Seule la mer, au loin, promet encore quelque chose…

33 révolutions

Canek Sánchez Guevara, petit-fils du Che, fait vibrer Cuba comme jamais : le désenchantement s’écrit dans une langue intense, hypnotique, et la crise des balsas est prétexte à un formidable hymne à la liberté.

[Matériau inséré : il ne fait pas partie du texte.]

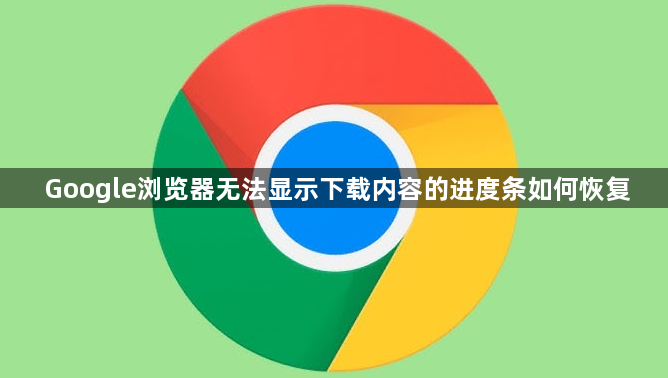 Google浏览器无法显示下载内容的进度条如何恢复1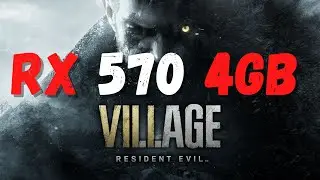 Resident Evil village RX 570 4GB - i5 2400 3.3Ghz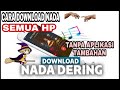 CARA MENDOWNLOAD NADA DERING UNTUK SEMUA HP/ANDROID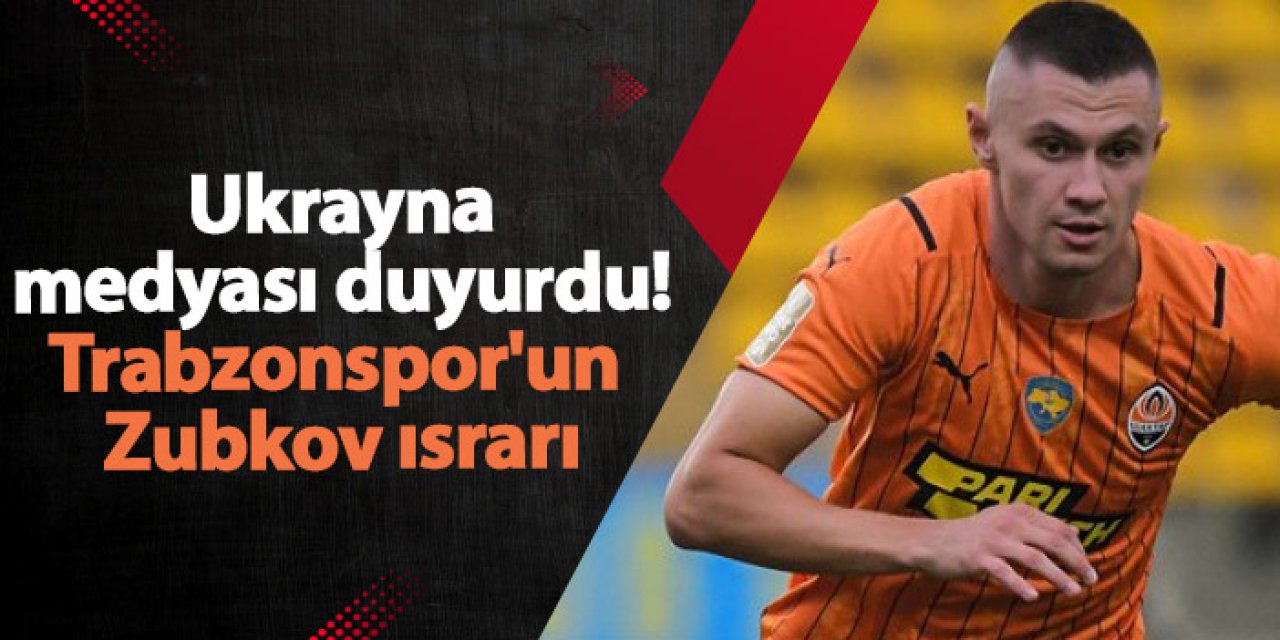 Ukrayna medyası duyurdu! Trabzonspor'un Zubkov ısrarı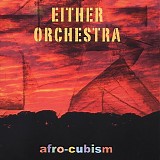 Either/Orchestra - Afro-Cubism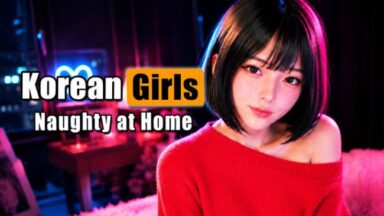 Korean GIRLS: Naughty at Home (Uncensored) Free Download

Un nom peut vite se révéler être un poids, un fardeau que l’on traîne inlassablement, un fantôme des exploits passés. Et c’est un peu contre ce nom que s’est battu, sa vie durant, Canek Sánchez Guevara, lui le petit-fils du Che. Un combat qui s’est tragiquement terminé par une victime. Car, forcément, la mort n’est jamais loin, prédatrice rôdant inlassablement et, à défaut de pouvoir se détacher du poids de la célébrité de son aïeul et de ce que l’on attendait de lui, “ le petit-fils du t-shirt “, comme il était surnommé, opposant au régime castriste, a trouvé la mort des suites d’une opération du cœur, en janvier 2015 à Mexico. Publié à titre posthume, son seul et unique roman, 33 révolutions, ne peut s’empêcher d’avoir la saveur amère du testament politique.